Il existe divers groupes et mécanismes qui luttent contre les disparitions forcées.Voyons-en quelques-uns :

  • Convention internationale contre les disparitions. Son objectif est d’éviter le phénomène, de rechercher la vérité et d’apporter un soutien aux familles, en veillant à ce qu’elles obtiennent justice et réparation.
  • Groupe de travail sur les disparitions forcées ou involontaires. En charge de suivre les États dans leurs progrès d’accomplissement de leurs obligations. De plus, il s’agit de la plus ancienne procédure spéciale de la commission des droits de l’homme.
  • Comité contre les disparitions forcées. Il a été créé après la convention internationale de 2010 pour la protection contre les disparitions forcées. Il coexiste par ailleurs avec le groupe de travail établissant des activités pour prévenir et éradiquer ce phénomène.
  • Commission interaméricaine des droits de l’homme. Les États membres de l’organisation des États américains s’engagèrent à : ne pas tolérer les disparitions forcées, punir ses auteurs et coopérer entre eux pour prévenir, punir et éradiquer ce phénomène.

Il existe par ailleurs différents groupes spécifiques à chaque pays, notamment grâce à l’appui de leaders communautaires et d’organisations dédiées à l’aide aux victimes. Même ainsi, ce phénomène continue d’être un événement alarmant qui ne cesse de se reproduire.

Comment faire face à une disparition forcée ?

Avant de parler de stratégies d’adaptation, nous insisterons sur ce qui peut provoquer une disparition forcée. Approfondissons :

  • Terreur. A travers le sentiment d’insécurité et de peur qui limite les membres de la famille et les proches des personnes disparues.
  • Impact. Chez les proches, dans les communautés et dans la société.
  • Violation des droits. Tels que la sécurité, la dignité, à ne pas subir de torture ou d’autres peines cruelles ; avoir des conditions de détention humaines ; le droit à la vie de famille ; à la vie; à un procès équitable, entre autres.
  • Douleur sans nom. Il est difficile pour les victimes d’exprimer ce qu’elles ressentent. Il reste une trace après le traumatisme, laquelle leur fait revivre encore et encore une douleur intense.

Établir le récit de la disparition, une histoire avec laquelle la personne peut vivre, n’est pas une tâche facile. Il est toutefois possible d’y travailler. De sorte que ce travail et la plupart des stratégies développées reposent sur la résilience.

Il existe en outre différentes manières d’y parvenir. Notons que la résilience peut heureusement s’apprendre. Par exemple, à travers une psychothérapie ou à travers des activités communautaires qui encouragent les victimes à se sentir soutenues pour construire leur propre récit qu’elles peuvent intégrer à leur histoire personnelle.

L’objectif est que l’expérience devienne un point d’ancrage. Un point de force plutôt qu’un poids qui enfonce la personne, de plus en plus, dans l’océan d’émotions à valence négative (tristesse, peur, colère, etc.).

Consultation psychologique.

Les victimes pourraient également recourir à l’art pour surmonter le phénomène. Il s’agit donc d’élaborer l’angoisse à travers le processus créatif, de pouvoir nommer cette douleur que l’on ne sait pas traiter. La nommer, c’est mettre des mots sur tout cet enchevêtrement d’émotions, de perceptions et de pensées, et donc à gérer l’expérience.
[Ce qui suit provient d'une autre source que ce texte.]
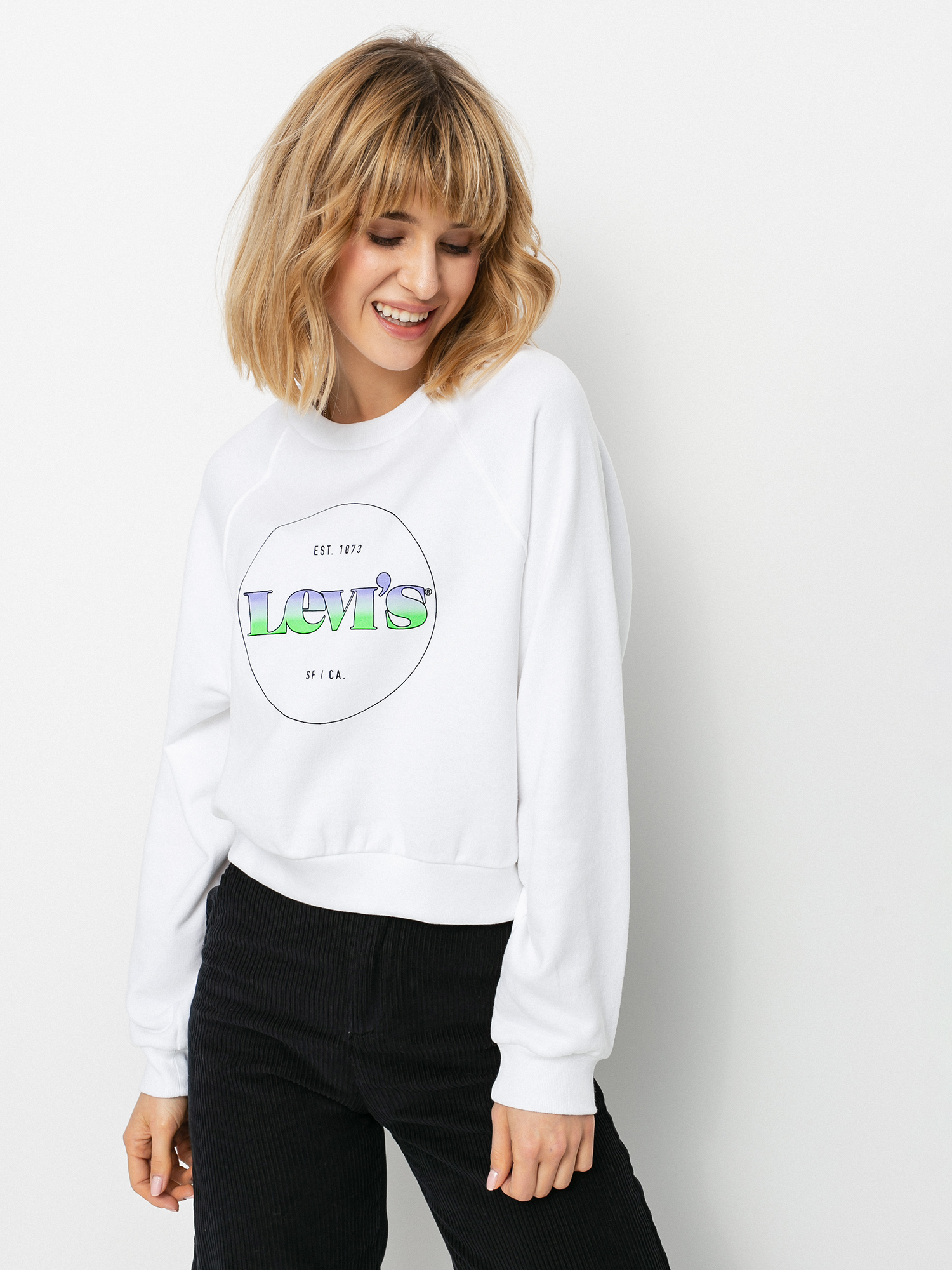 Levi's® Vintage Raglan Sweatshirt Wmn (circle logo gradient white)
D’autre part, diverses enquêtes ont révélé des méthodes précieuses pour gérer l’angoisse résultant des disparitions forcées. Par exemple, Gabriel Gatti (Université du Pays basque) nous présente dans son article différentes propositions, nées de l’ensemble de l’analyse des disparitions en Argentine et en Uruguay.
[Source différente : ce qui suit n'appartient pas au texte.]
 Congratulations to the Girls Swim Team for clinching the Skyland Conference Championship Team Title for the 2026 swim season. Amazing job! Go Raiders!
Il s’agit de parier sur l’impossibilité de parler des silences bruyants, et de forcer le langage jusqu’à ses limites, ce qu’il appelle des parodies sérieuses. Un autre exemple a été mené par la Cunningham Dax Collection, en collaboration avec le Melbourne Jewish Holocaust Center.
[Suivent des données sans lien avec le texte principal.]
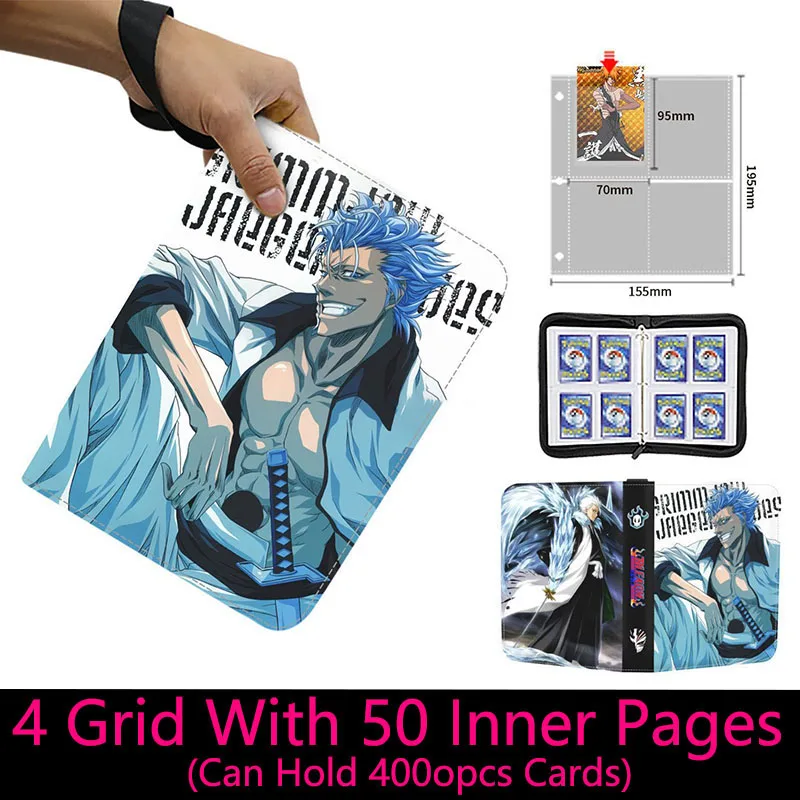 Bleach Card Binder with 50 inner Pages Can Hold Up to 400/900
Ils ont organisé une exposition avec les œuvres des survivants de l’Holocauste et les familles des victimes. Elle visait à promouvoir la transformation du  traumatisme à travers l’art.

Nous espérons que des initiatives continueront d’être créées à la fois pour faire face aux traumatismes et pour les prévenir. Que la contestation sociale ne disparaisse pas, que nous décidions de quitter nos maisons seulement par volonté, que nous n’ayons pas à nous lever sans savoir où se trouvent les personnes que nous aimons.